To do:
Write out each entry below exactly; the images do not belong in your copy.

Input for this task:
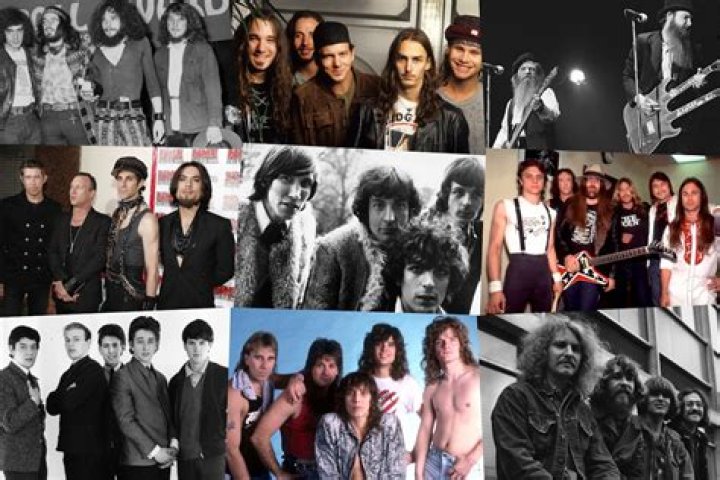 15 Bands Who Were Named after Songs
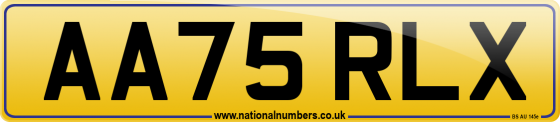 AA75 RLX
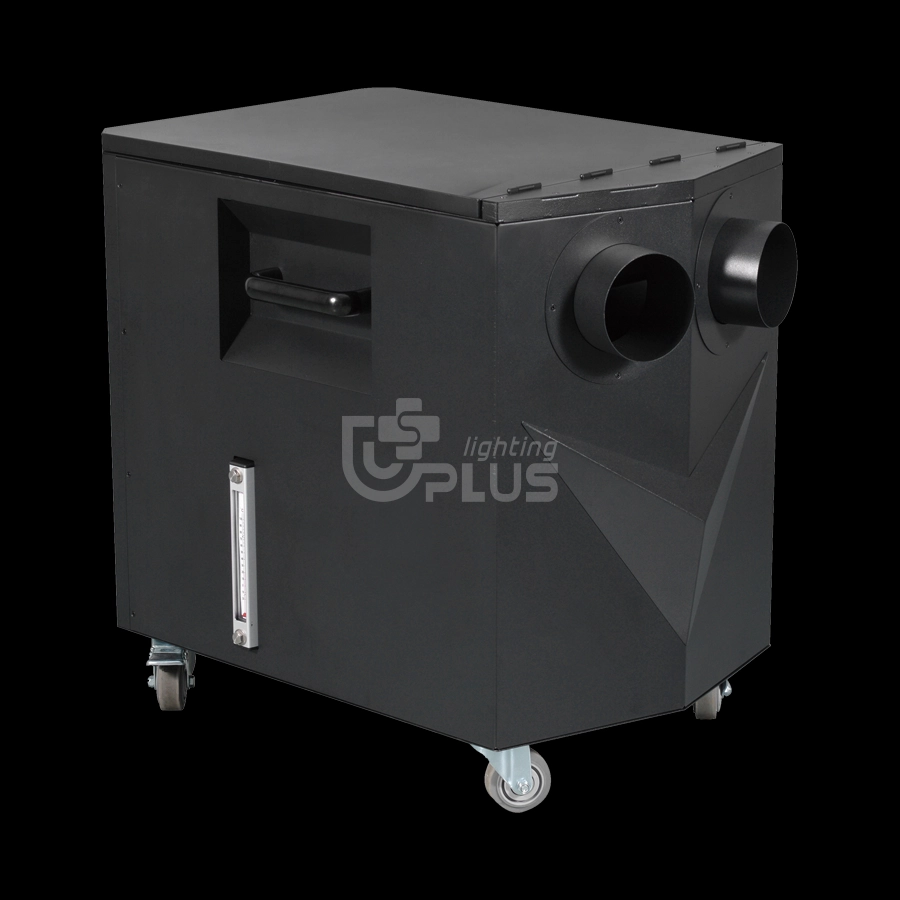 جهاز ضباب الثلج الجاف uplus-ice3000-rear view - Uplus Lighting جهاز ضباب الثلج الجاف uplus-ice3000-rear view - Uplus Lighting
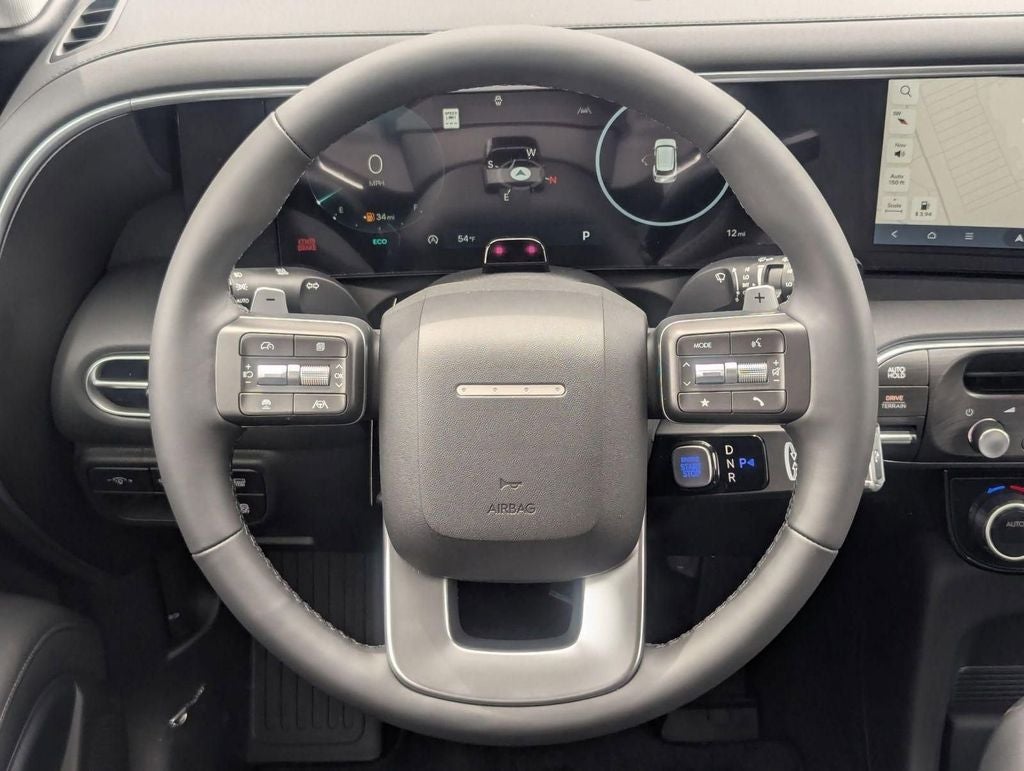 2026 Hyundai PALISADE SEL 8 Passenger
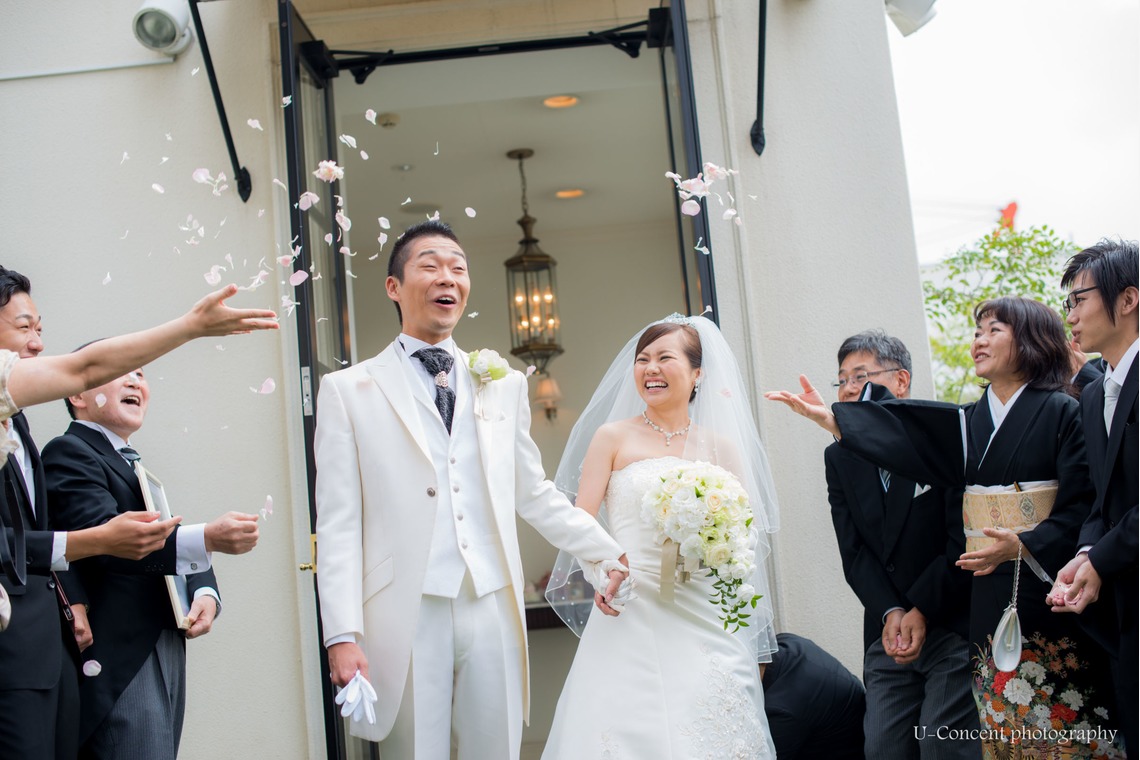 U-CONCENT (香川裕貴)が撮影した写真のアルバム「結婚式撮影_アーセンティア大使館」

Task result:
 15 Bands Who Were Named after Songs
 AA75 RLX
 جهاز ضباب الثلج الجاف uplus-ice3000-rear view - Uplus Lighting جهاز ضباب الثلج الجاف uplus-ice3000-rear view - Uplus Lighting
 2026 Hyundai PALISADE SEL 8 Passenger
 U-CONCENT (香川裕貴)が撮影した写真のアルバム「結婚式撮影_アーセンティア大使館」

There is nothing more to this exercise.